My final image before I leave, this was the last time our community got together apart from we had our first global conference 2022 last week, so there are a few more people there, that’s the community I’m a part of, GEANT, representative research and education networks, we’re altogether. We’re trying to make the future a better place slowly, slowly, step by step. I’m very proud to be a part of it.

That concludes my talk. Thank you very much.

Any questions or forever hold your peace? Thank you.

I’m slightly deaf, if you could speak up, I would appreciate it.

It is not me. It is the microphone that needs to speak up.

Can you hear me okay?

>> HENDRIK IKE: Yeah.

>> Thank you for the presentation. Very useful. Two question, to be sure, who is in France your member, I guess it is –

>> HENDRIK IKE: Renetar.

>> You have others in France, only one.

>> HENDRIK IKE: Only one.

>> The second, how do you connect with other European organizations like other centres in the area of the Internet I would say? My last point, it is not really a question, it is that as I am Chair of the end user, the perspective with ICANN, it could be interesting to have interaction with you.

Thank you.

>> HENDRIK IKE: I answered the first question, the French member.

For other parts of the Internet, there are yes and nos in our community. We’re slowly getting involved in the data level. Of course we know people in RIPE NRC, if we talk about a traditional research infrastructure like CERN, we service them. When we talk about Internet standards, our community, GEANT, we have social interactions but the way we interact, it is not as condition create as the way I just described to you with that infrastructural map.

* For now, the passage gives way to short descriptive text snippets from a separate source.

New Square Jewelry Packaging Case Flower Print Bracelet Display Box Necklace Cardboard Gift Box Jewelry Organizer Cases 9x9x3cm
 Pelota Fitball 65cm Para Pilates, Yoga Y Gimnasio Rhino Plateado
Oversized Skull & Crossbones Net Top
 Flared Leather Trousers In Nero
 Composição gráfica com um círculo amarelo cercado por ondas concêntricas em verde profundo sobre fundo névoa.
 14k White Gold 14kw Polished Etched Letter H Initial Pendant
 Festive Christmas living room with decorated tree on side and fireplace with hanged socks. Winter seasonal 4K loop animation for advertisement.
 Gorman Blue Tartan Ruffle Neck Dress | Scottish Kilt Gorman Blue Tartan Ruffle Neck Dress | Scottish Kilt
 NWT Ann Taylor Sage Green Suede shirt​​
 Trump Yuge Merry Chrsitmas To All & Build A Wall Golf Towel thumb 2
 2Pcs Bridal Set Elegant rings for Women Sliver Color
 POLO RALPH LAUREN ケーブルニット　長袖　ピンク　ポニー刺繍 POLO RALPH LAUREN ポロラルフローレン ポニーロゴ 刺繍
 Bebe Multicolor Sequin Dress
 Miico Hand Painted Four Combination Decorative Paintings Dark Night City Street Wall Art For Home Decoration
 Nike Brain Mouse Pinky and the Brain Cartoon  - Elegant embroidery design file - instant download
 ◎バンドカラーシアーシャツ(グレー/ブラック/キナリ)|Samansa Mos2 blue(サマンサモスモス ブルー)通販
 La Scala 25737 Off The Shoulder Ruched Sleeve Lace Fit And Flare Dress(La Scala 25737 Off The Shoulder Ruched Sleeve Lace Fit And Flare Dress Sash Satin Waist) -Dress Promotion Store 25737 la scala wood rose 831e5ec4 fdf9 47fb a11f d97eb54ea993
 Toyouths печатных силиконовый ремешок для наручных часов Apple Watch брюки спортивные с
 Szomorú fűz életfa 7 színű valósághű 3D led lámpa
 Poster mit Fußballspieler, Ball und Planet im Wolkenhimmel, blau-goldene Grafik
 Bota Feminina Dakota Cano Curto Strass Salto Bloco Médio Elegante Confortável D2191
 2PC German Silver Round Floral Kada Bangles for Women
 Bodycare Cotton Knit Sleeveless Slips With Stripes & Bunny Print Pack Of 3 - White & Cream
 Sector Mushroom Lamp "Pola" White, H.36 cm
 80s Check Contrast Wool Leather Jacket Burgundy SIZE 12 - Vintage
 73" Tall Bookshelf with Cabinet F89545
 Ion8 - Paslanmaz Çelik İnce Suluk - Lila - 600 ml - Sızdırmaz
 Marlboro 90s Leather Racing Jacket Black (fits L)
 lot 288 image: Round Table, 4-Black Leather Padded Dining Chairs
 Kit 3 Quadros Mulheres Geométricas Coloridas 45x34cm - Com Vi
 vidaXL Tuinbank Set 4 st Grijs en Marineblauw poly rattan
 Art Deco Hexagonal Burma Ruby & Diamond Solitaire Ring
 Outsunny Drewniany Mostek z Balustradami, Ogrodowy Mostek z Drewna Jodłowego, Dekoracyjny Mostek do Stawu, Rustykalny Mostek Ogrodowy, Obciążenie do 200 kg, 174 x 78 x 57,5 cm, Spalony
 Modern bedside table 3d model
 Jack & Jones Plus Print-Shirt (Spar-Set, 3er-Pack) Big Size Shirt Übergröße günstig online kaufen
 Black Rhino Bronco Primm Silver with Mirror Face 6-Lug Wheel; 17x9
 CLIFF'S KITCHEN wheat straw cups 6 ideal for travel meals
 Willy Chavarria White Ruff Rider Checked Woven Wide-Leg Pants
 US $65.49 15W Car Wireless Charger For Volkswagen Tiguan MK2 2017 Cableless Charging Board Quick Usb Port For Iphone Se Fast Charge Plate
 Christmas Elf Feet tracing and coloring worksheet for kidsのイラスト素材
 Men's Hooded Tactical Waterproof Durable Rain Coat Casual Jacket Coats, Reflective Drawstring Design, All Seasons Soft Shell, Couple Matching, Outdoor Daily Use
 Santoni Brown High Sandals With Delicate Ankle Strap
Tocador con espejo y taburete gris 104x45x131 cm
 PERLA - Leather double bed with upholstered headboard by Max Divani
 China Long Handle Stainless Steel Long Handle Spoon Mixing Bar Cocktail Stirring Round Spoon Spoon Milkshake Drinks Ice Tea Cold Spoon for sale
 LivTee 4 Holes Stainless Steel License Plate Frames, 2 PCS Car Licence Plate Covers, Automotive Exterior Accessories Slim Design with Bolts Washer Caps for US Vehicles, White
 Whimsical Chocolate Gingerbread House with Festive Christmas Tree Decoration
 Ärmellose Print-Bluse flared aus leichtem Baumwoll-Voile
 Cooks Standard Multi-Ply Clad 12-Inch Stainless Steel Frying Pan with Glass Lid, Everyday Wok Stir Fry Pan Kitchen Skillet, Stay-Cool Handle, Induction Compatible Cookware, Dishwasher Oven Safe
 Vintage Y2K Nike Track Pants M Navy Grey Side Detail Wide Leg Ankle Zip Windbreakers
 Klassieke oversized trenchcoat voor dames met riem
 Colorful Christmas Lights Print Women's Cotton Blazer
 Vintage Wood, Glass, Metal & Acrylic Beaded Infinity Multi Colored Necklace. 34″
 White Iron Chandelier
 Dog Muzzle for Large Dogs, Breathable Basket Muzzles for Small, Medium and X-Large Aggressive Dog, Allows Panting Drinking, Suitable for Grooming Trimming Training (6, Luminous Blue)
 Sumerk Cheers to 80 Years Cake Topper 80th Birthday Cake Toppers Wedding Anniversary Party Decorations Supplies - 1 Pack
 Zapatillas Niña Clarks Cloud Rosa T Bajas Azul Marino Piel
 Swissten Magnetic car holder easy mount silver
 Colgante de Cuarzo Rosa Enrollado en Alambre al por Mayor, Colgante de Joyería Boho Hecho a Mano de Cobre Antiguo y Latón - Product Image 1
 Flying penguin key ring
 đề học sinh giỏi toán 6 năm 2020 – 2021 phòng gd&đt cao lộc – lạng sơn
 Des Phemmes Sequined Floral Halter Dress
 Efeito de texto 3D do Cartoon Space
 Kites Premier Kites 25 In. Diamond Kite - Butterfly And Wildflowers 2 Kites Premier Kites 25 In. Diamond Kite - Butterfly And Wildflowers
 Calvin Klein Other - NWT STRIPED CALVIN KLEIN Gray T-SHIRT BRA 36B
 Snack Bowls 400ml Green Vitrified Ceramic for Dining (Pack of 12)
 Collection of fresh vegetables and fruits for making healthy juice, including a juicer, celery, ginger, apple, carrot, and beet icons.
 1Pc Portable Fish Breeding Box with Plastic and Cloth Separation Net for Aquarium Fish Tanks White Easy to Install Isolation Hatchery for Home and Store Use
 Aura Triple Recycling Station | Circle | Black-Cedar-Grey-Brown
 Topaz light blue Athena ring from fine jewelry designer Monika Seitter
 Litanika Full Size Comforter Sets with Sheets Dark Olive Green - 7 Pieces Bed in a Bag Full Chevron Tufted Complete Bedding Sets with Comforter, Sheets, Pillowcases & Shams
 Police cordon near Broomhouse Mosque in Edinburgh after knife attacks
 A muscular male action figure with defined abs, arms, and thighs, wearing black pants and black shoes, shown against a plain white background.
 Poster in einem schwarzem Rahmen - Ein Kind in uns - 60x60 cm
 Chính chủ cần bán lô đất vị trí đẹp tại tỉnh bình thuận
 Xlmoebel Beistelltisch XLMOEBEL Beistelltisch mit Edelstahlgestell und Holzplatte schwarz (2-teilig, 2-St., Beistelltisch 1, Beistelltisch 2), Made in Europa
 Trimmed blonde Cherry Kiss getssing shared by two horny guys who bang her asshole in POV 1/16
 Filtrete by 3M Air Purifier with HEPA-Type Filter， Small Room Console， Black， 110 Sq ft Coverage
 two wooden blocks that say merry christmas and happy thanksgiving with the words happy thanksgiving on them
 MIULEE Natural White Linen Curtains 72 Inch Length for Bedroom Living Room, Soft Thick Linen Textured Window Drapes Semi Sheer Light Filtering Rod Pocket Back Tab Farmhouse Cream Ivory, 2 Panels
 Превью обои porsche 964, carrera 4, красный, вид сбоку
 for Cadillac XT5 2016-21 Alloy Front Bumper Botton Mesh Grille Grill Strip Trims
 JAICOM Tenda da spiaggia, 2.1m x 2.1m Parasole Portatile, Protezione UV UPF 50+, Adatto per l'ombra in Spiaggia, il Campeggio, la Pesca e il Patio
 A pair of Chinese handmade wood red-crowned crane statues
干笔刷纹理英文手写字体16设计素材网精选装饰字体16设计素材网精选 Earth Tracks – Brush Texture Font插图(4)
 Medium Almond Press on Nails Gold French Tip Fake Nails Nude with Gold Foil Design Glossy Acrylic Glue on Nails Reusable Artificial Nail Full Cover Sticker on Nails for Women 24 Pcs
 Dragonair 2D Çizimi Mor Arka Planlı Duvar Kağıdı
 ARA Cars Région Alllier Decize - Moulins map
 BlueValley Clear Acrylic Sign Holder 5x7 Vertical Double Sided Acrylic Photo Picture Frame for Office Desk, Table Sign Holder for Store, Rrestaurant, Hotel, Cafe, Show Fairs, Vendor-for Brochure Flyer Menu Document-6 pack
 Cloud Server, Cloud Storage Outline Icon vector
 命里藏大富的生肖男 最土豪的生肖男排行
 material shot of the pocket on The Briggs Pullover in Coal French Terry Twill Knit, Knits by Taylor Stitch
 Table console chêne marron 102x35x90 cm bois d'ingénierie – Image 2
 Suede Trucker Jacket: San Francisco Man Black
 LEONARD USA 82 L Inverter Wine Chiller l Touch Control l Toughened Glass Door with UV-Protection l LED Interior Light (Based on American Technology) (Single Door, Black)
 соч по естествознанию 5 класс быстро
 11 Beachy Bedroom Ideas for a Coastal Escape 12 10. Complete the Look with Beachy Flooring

Regarding ICANN and Internet Governance associations, ISOC as well, GEANT is slowly getting more and more involved in trying to be at the discussions and also the IGF, we presented last year on the group on earth observation and how our community can help enable the work they do there. From an Internet Governance perspective we’re starting from points of humble space but we have a strong history of people being involved in the Internet. With time, we’re hoping to build a stronger voice.